Apenas dois dias após se licenciar, Derrite entregou seu parecer. “Foi elaborado às pressas”, criticou Sarrubo. O projeto levou cerca de um ano para ser construído com especialistas da área no âmbito do Ministério da Justiça e Segurança Pública.
Sarrubo também condenou o fato de a proposta de Derrite retirar dispositivos que estavam no projeto do governo, como a apreensão de bens, já utilizada em países da Europa e da América Latina. “Esse instrumento é essencial para evitar que bens como helicópteros, barcos e propriedades voltem aos criminosos mesmo após a anulação de processos. Foi retirado do texto, o que é um retrocesso”, argumentou.
Também destacou negativamente o fato de o texto não diferenciar os líderes das fações daqueles que operam na base. “É um projeto que olha para o andar de baixo e não para o andar de cima. Precisamos atacar o comando, o dinheiro, a estrutura que sustenta essas organizações”, ressaltou.
PL Antifacção
O texto originalmente apresentado pelo governo para apreciação na Câmara atualiza a Lei de Organizações Criminosas (Lei nº. 12.850/2013) e cria a figura da “facção criminosa”.
Entre outros pontos, o texto propõe penas de oito a 15 anos de prisão se a atuação da organização visar o controle de territórios ou atividades econômicas, mediante o uso de violência, coação ou ameaça.

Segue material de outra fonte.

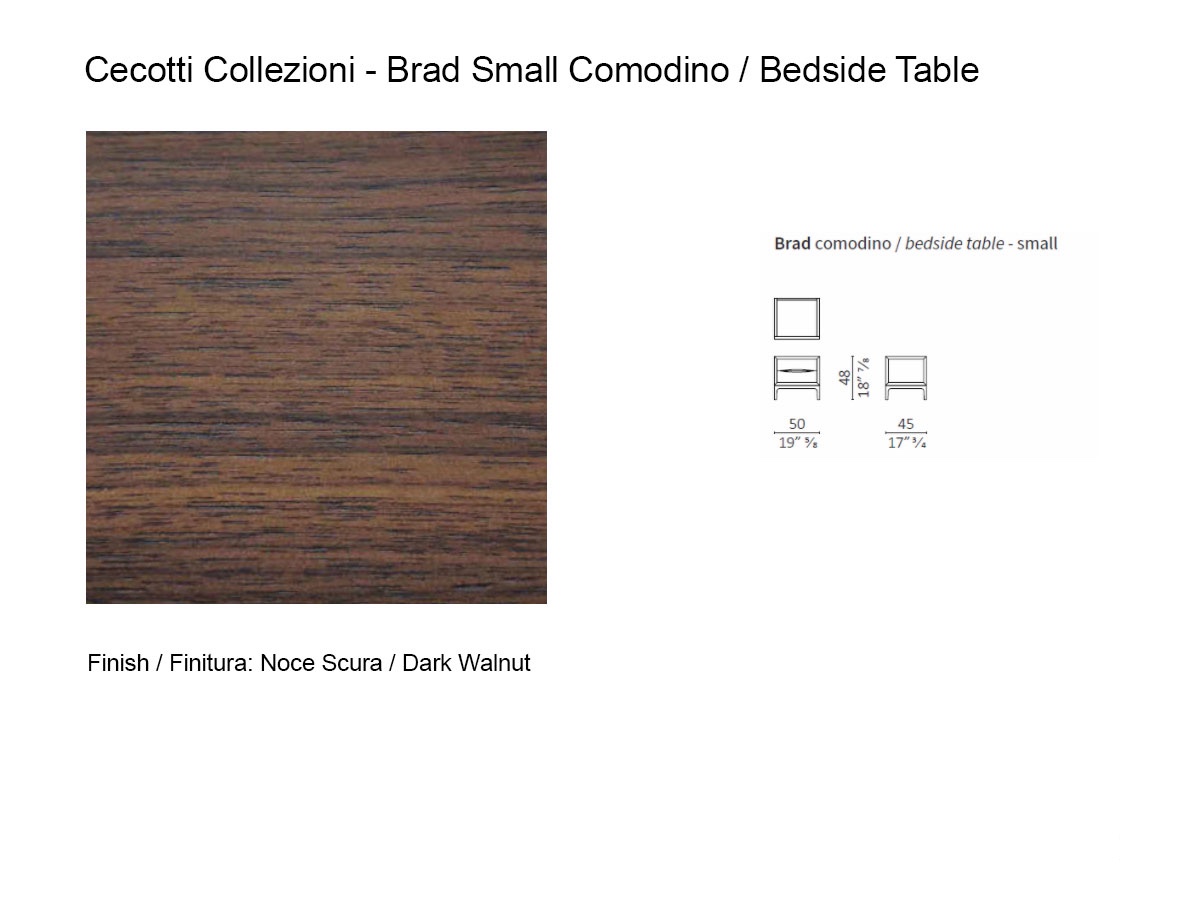 Ceccotti Brad Bedside Table Small Dark Walnut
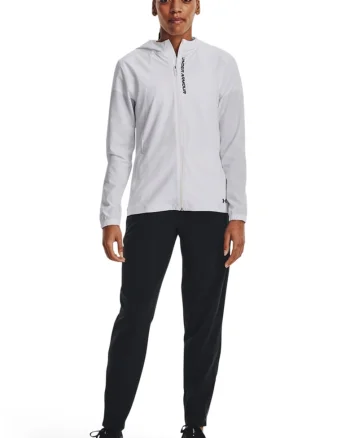 Pantaloni cu talie inalta pentru alergare Outrun The Storm, Negru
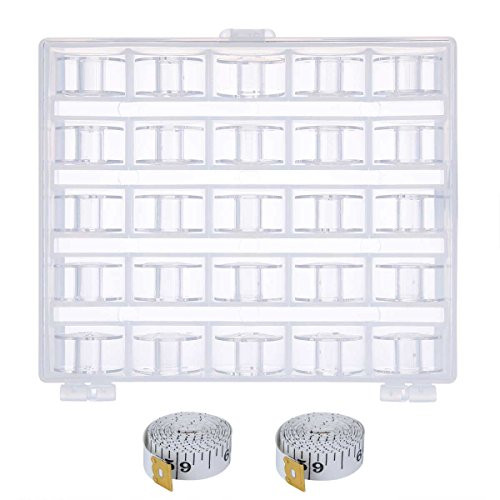 100 Pieces Transparent Plastic Sewing Machine Bobbins Spools with Case for Brother Singer Babylock Janome Kenmore 100 Pieces Transparent Plastic Sewing Machine Bobbins Spools with Case for Brother Singer Babylock Janome Kenmore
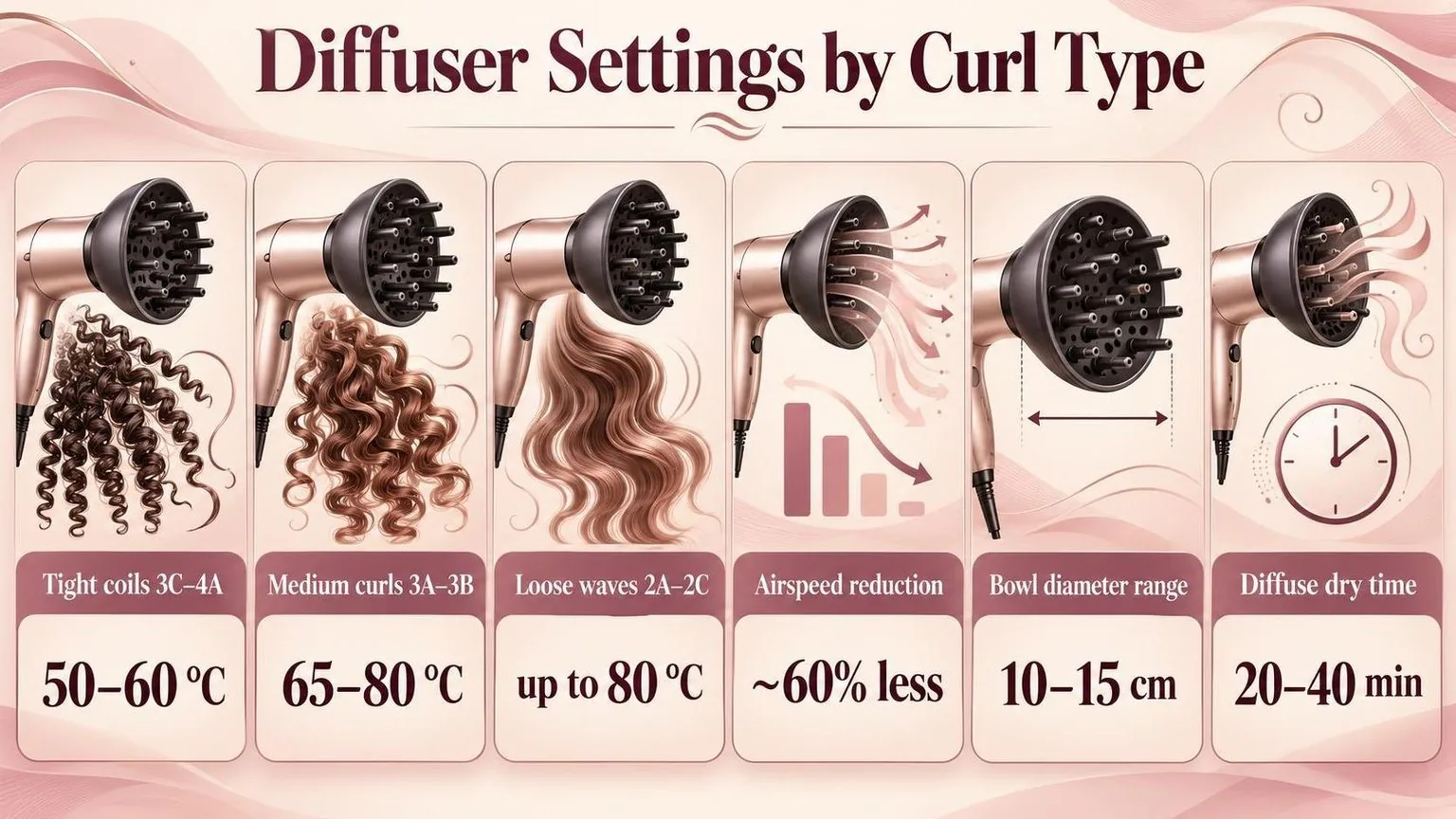 Diffuser Settings by Curl Type — the key figures from this guide at a glance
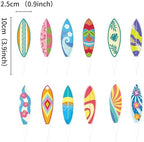 Ercadio 36Pcs Surfboard Cupcake Toppers Surfboard Beach Cake Decorations Picks Surfboard Mini Accents for Swimming Pool Summer Beach Party Luau Birthday Baby Shower Party Supplies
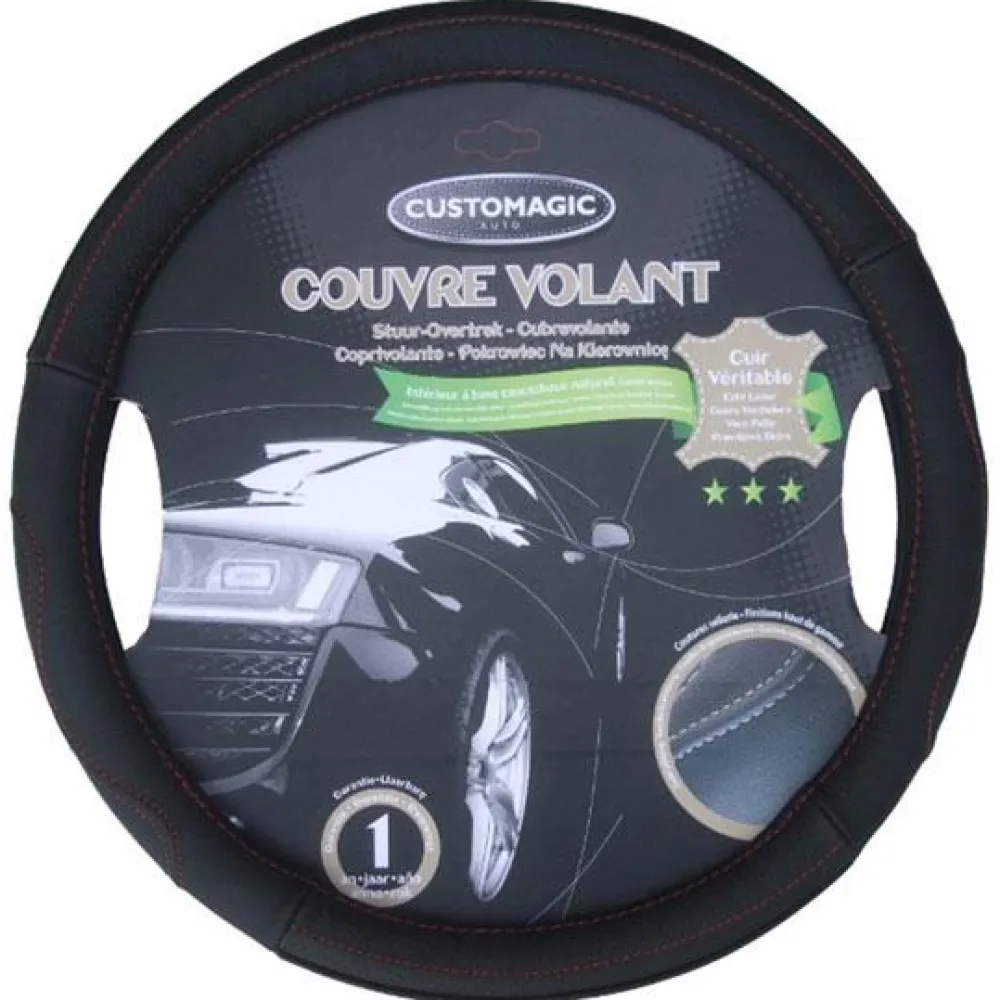 CUSTOMAGIC COUVRE VOLANT CUIR PREMIUM - 187210 -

Homicídios cometidos por ordem ou em benefício de facções criminosas poderão levar a penas de 12 a 30 anos, passando a ser enquadrados como crimes hediondos.
Também busca fortalecer os instrumentos de investigação e amplia ferramentas legais para a responsabilização de integrantes de facções, além de autorizar o Poder Executivo a criar o Banco Nacional de Facções Criminosas.
Outros eixos importantes tratam da punição às facções que estejam infiltradas no Poder Público e de medidas para sufocar o poder econômico dessas organizações.
Além disso, prevê a possibilidade de monitoramento dos encontros de membros de facções criminosas no parlatório — local destinado às conversas entre preso e advogado —, bem como maior cooperação policial internacional, a cargo da Polícia Federal, e a inclusão do setor privado na busca de provas e informações de interesse da investigação, quando cabível.